Le titre vient de
Baudelaire, le roman est placé sous l'égide de Kafka, ses chapitres se font précéder d'exergues de
Sophocle ou de
Rilke (quand ce n'est pas le poète hongrois
Attila József ou l'écrivain autrichien
Jean Améry, Par-delà le crime et le châtiment), on a de l'Éluard et du Yeats dans le corps du texte, un prophète au moins est nommé (Ezéchiel), et la Bible est aussi invoquée par les Psaumes et l'Ecclésiaste (le Qohélet). Mais c'est une sorte de « Livre de Daniel » que le livre de Daniella. Ou encore, je provoque, imaginez un film (vous le visionnerez forcément en lisant, le texte, aussi éblouissant et étincelant – coruscant – qu'il soit, ne nous aveugle pas, il fait voir), un film dont les deux héroïnes, Emma et Blanche, usurperaient l'identité l'une de l'autre, useraient de perruques, voleraient des souvenirs, graviteraient autour d'un même homme, le magnifique Mehdi, et séduiraient de multiples (et abusés) anonymes. Car seul compterait ce miroir. Elles deux – ou elles une. Ce serait, tourné par
David Lynch, un Mullholland Drive encore plus énigmatique et qui confinerait au mystique, une blonde (tantôt brune), une Blanche qui se refuse à ce que l'Histoire écrive sur sa peau. Et pourtant. C'est un Mullholland Drive Est-Ouest (Budapest-Paris) où les boulevards
Lénine viennent tout juste de se renommer les boulevards de tel ou tel roi ou reine sinon chemins de la Liberté. Et pourtant.
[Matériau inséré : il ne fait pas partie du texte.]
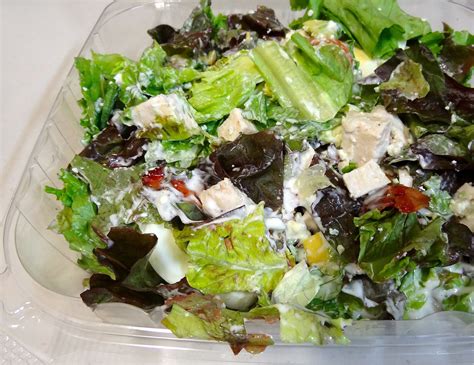 Aloha Salads | Yummy food, Food, Salads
La faute aux pères, pour certains absents, d'autres vous inculquant des idéaux qui ne sont pas de ce monde, et eux aussi interchangeables. Des objets-fétiches, bribes d'héritage, des clés, des sacs, des lettres abondent et circulent entre les personnages comme une circulation sanguine commune. La solution viendrait des mères, en tout cas des femmes, mais quand ? Ces quelques touches pour vous dire, suivez
Daniella Pinkstein dès ce premier roman flamboyant, mais ne la croyez pas. Enfin, si, car la sincérité ici se donne jusqu'à la nudité des vérités les plus douloureusement absolues, mais ne croyez pas le début de paragraphe dans le chapitre 1 (il y en aura, épilogue compris, 11) : « C'est une histoire quelconque, dans un lieu commun. Une histoire ordinaire. » le démenti sur 174 pages dont l'originalité frôle parfois le délire ou l'extravagance. Un érotisme apocalyptique. le hasard en scénariste fou. Une acuité intellectuelle et politique (vous fleurirez là le tombeau de l'Europe). Et un style. Mais quel style ! Des images, des phrases d'une
poésie pure. Allez, je referme le livre et rouvre pour en recopier humblement quelques citations. Pour un cliché, c'est un cliché, je le risque à mes périls : on aimerait tout citer. Mais qu'est-ce à dire ? On aimerait recommencer la lecture,
Que cherchent-ils au Ciel, tous ces aveugles ?, voilà, vous avez là un texte puissant qui gagne encore à la relecture.